Physiological Assessment of Pain

Doctoral dissertation; cortical evoked potentials; automated electrophysiological pain assessment

Citation

Duhamel, P. (2002). Physiological assessment of pain (Doctoral dissertation, University of Nevada, Reno, Program in Cognitive and Brain Sciences).

Project context

This doctoral research investigated whether cortical evoked potentials could serve as objective indicators of the presence and severity of musculoskeletal pain.

The work combined experimental pain induction with electrophysiological recording to evaluate neurophysiological responses under symptomatic and asymptomatic conditions.

PerceptMX technology role

The project involved the design and engineering of an automated electrophysiological assessment system capable of stimulus control, signal acquisition, and real-time processing.

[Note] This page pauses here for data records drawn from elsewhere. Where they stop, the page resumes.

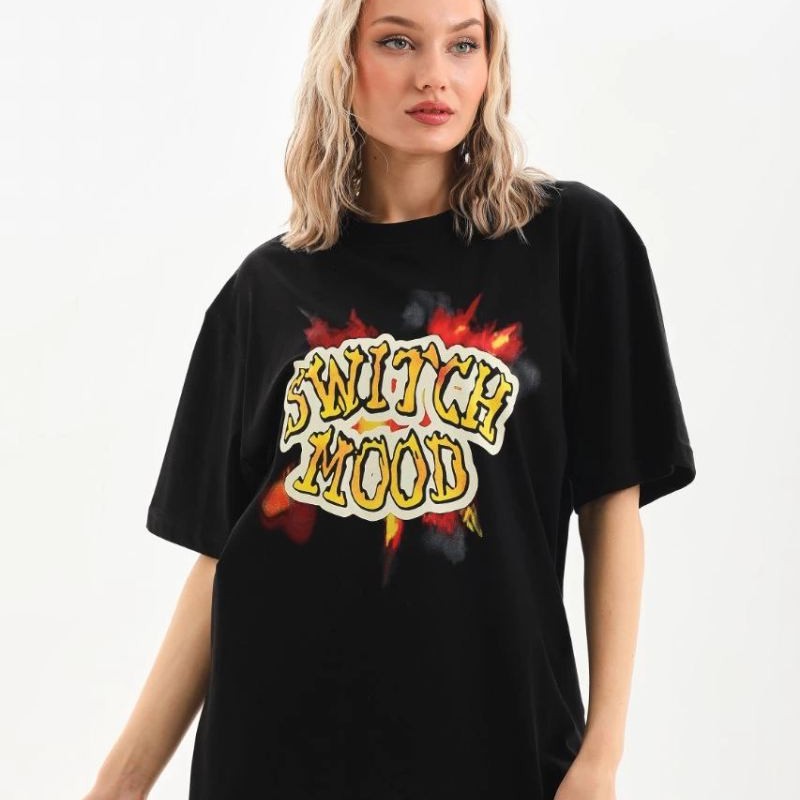 Kadın Kısa Kol Yazlık Tişört Bisiklet Yaka Ejderha Baskılı T-Shirt - Siyah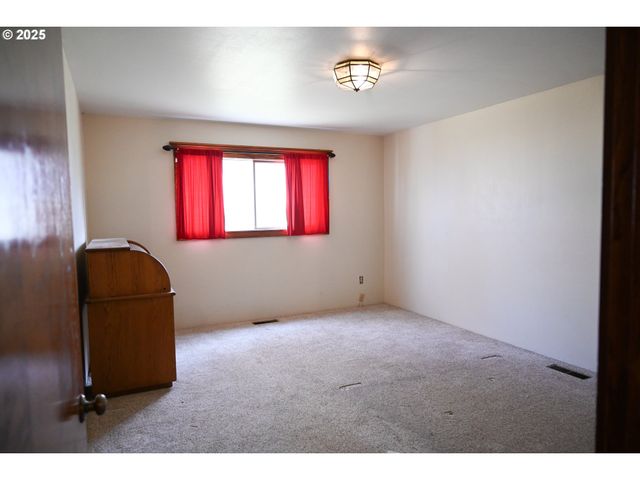 75938 SPRING HOLLOW Rd, Adams, OR 97810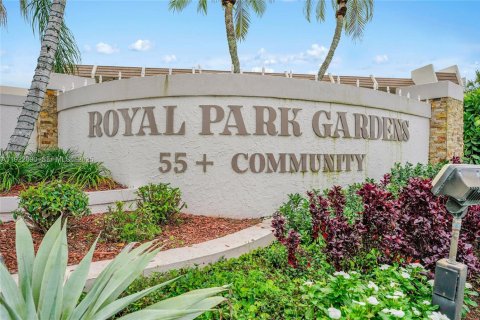 Condo in Margate, Florida, 1 bedroom  № 2082819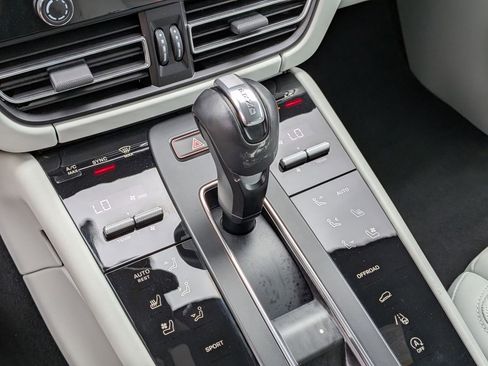 Used 2025 Porsche Macan w/ Premium Package Plus AWD/4WD image 14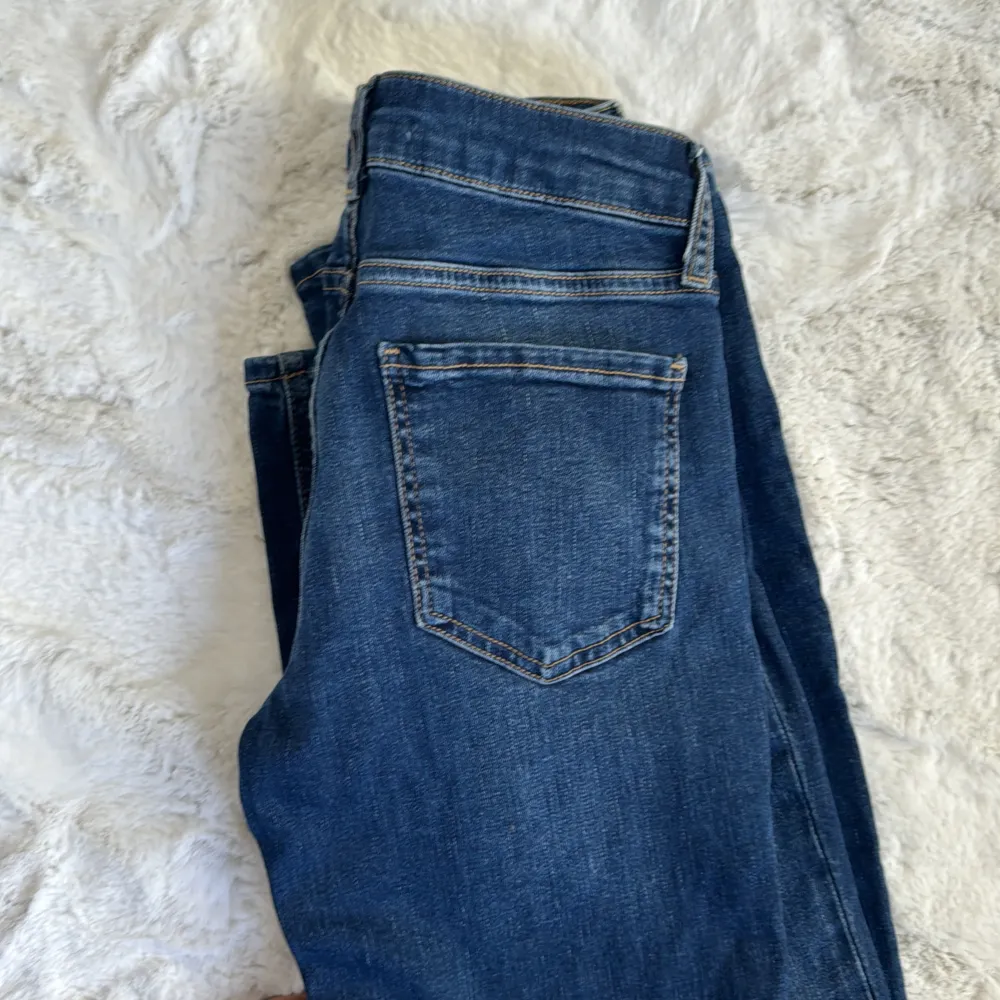 Säljer dessa fina jeans från zara som endast är använd en gång i storlek 36💕. Jeans & Byxor.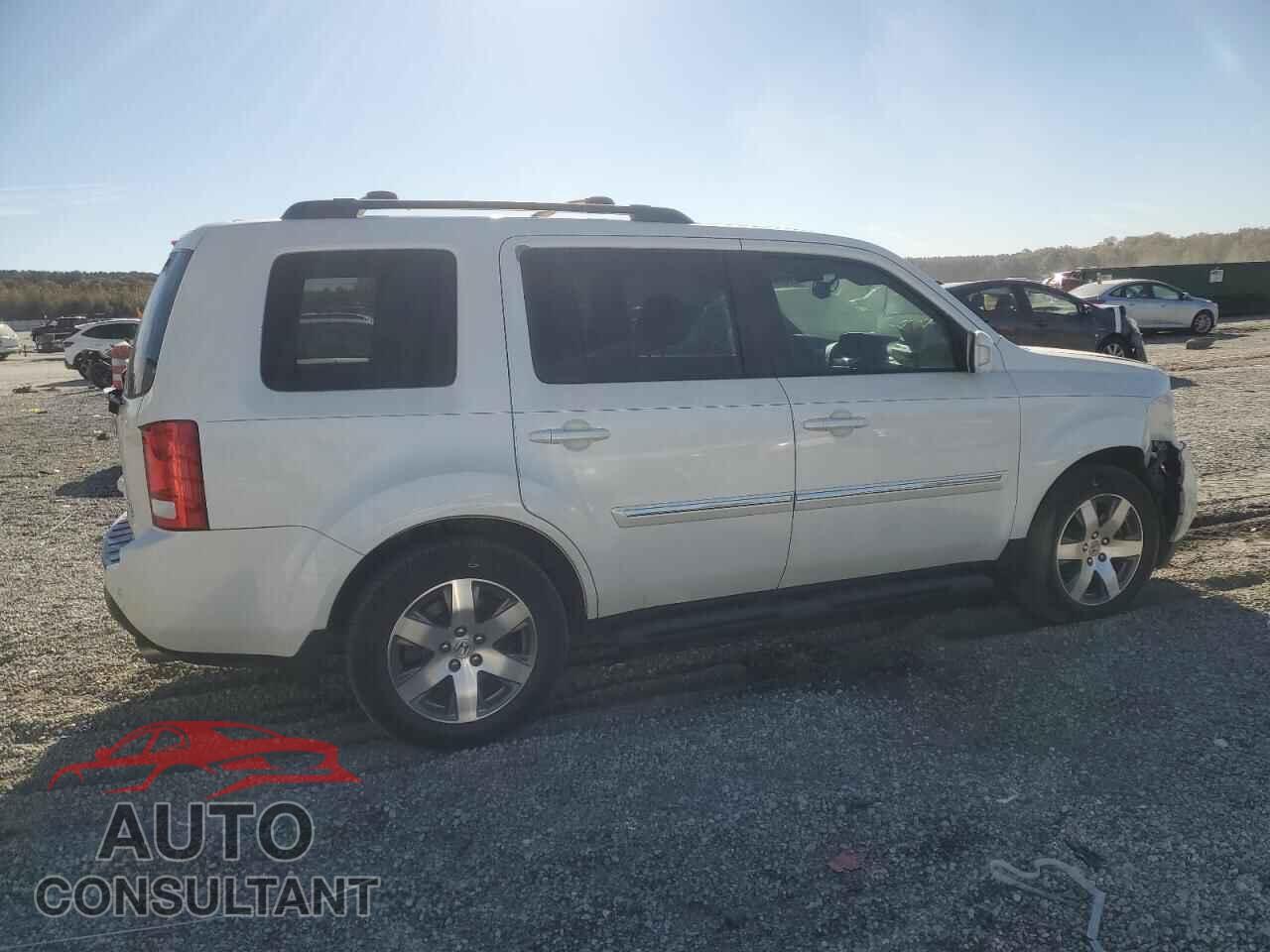 HONDA PILOT 2015 - 5FNYF4H90FB044201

Custom algorithms were developed for component detection, peak extraction, amplitude and latency quantification, and automated classification of evoked potential features.

Methodological contribution

A repeated-measures experimental design examined cortical responses across baseline and post-exercise time points during delayed onset muscle soreness.

Advanced signal processing methods, including wavelet-based transformations, were implemented to enhance component identification stability and reduce subjectivity in peak detection.

Electrophysiological waveform components were quantified and analyzed in relation to concurrent self-reported pain intensity ratings to evaluate graded response patterns.

Outcome or impact

Amplitude characteristics of specific evoked potential components varied systematically with self-reported pain intensity, supporting a graded neurophysiological correlate of pain severity.

Electrophysiological features, including relative N4 amplitude measures, differentiated symptomatic from asymptomatic muscle during peak soreness intervals.

The findings supported the feasibility of automated cortical evoked potential analysis as a quantitative approach to pain presence detection and severity modeling.